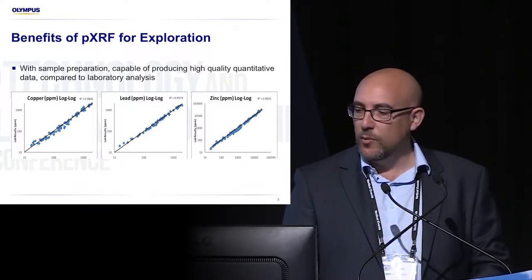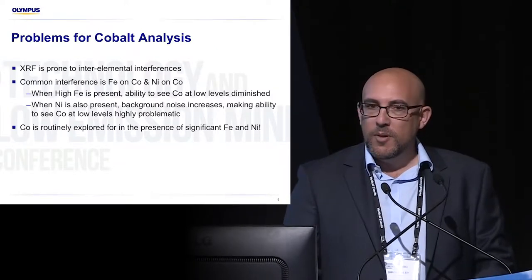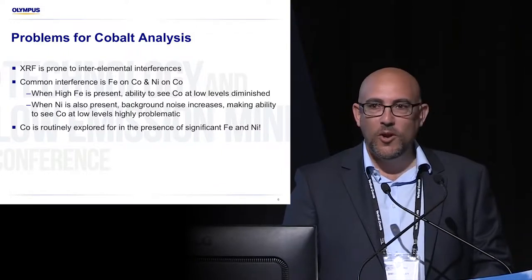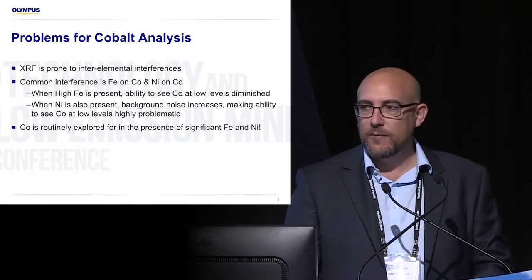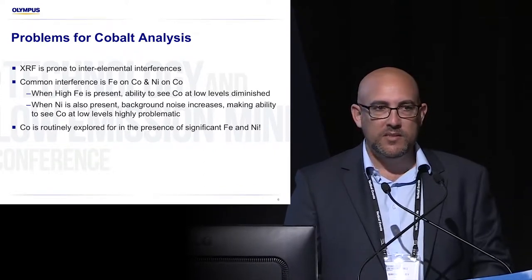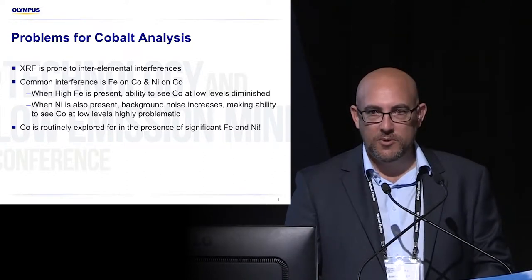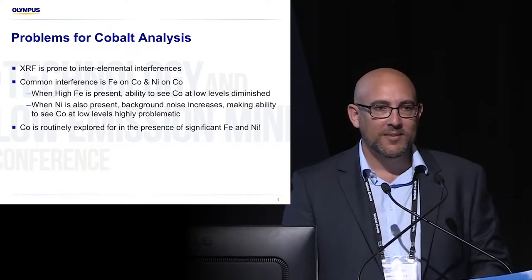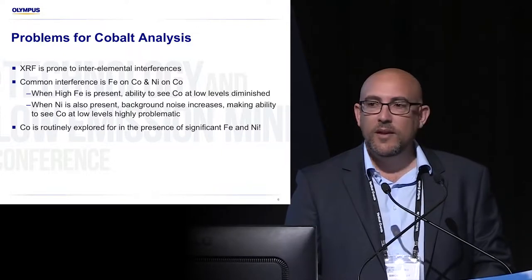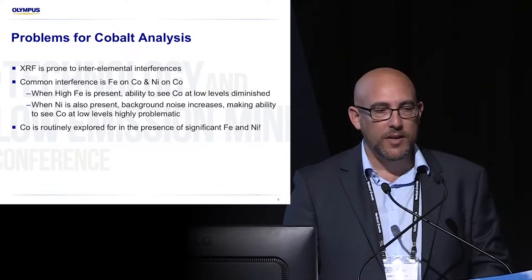It correlates very well on your base metals. But for cobalt we all know that there's a problem analysing cobalt. The problem that handheld XRF has for cobalt is it sees it nicely, but if there's a couple of naughty elements present it becomes very hard to see it. Those two elements are iron and nickel, and unfortunately you explore for cobalt in a lot of situations where there is a lot of iron and a lot of nickel.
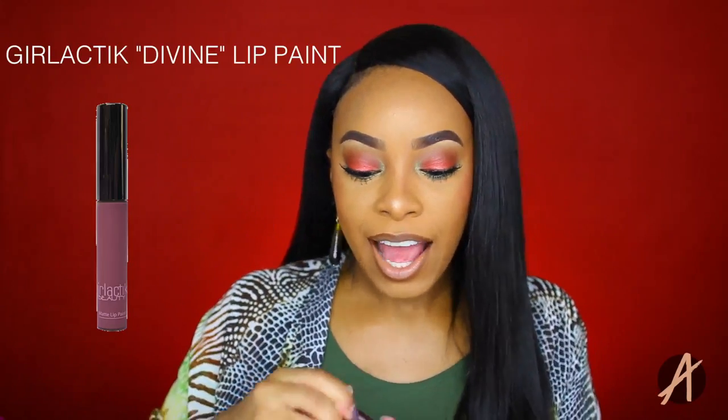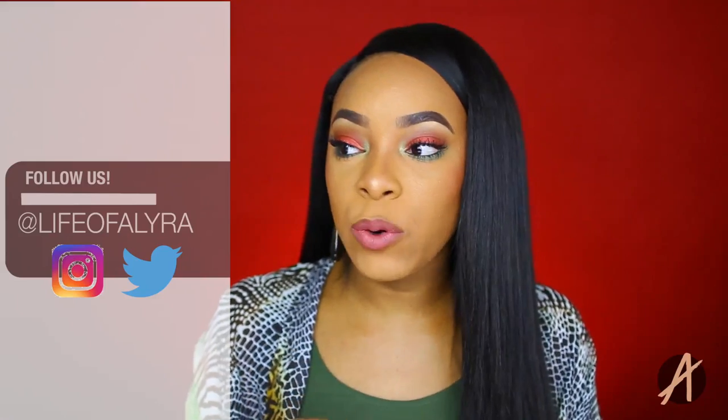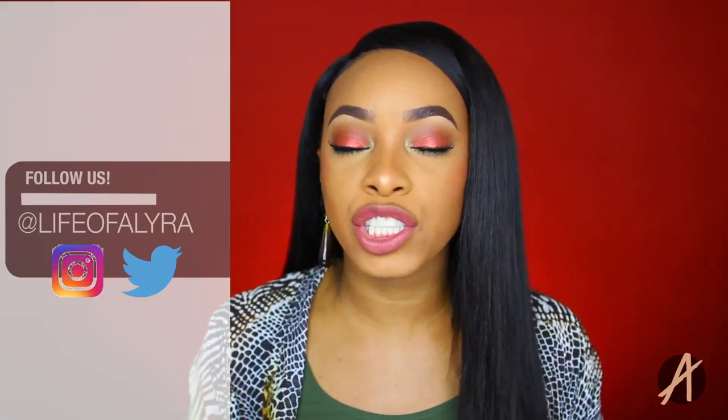I've already applied my lip liner. The next step is the liquid lipstick. Today I'll be using the Divine Liquid Lipstick by Girl Lactic — this shade is actually more on the mauve-y side, it is a gorgeous color, so pretty. If you guys have not tried the Girl Lactic liquid lipsticks, you are missing out. The shade is gorgeous and the consistency is just perfection — it does not crease, it does not transfer, it does not crumble. Like it's literally perfect, so I have been loving this.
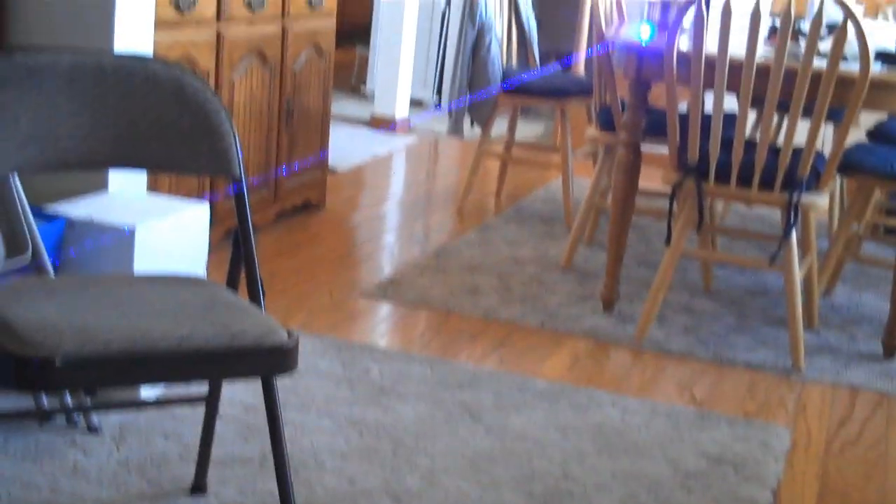I've got some new Tenergy batteries. Can you smell that from here? You can see the beam — it's daylight. I'm not using any fog or anything in the air. That's just how the beam looks in daylight.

======

» **Brief**:
Nothing but the lines from the line with "I've already applied" through the end of the listing should appear in the answer, each duplicated exactly, without pictures.

» **Solution to the exercise**:
I've already applied my lip liner. The next step is the liquid lipstick. Today I'll be using the Divine Liquid Lipstick by Girl Lactic — this shade is actually more on the mauve-y side, it is a gorgeous color, so pretty. If you guys have not tried the Girl Lactic liquid lipsticks, you are missing out. The shade is gorgeous and the consistency is just perfection — it does not crease, it does not transfer, it does not crumble. Like it's literally perfect, so I have been loving this.
I've got some new Tenergy batteries. Can you smell that from here? You can see the beam — it's daylight. I'm not using any fog or anything in the air. That's just how the beam looks in daylight.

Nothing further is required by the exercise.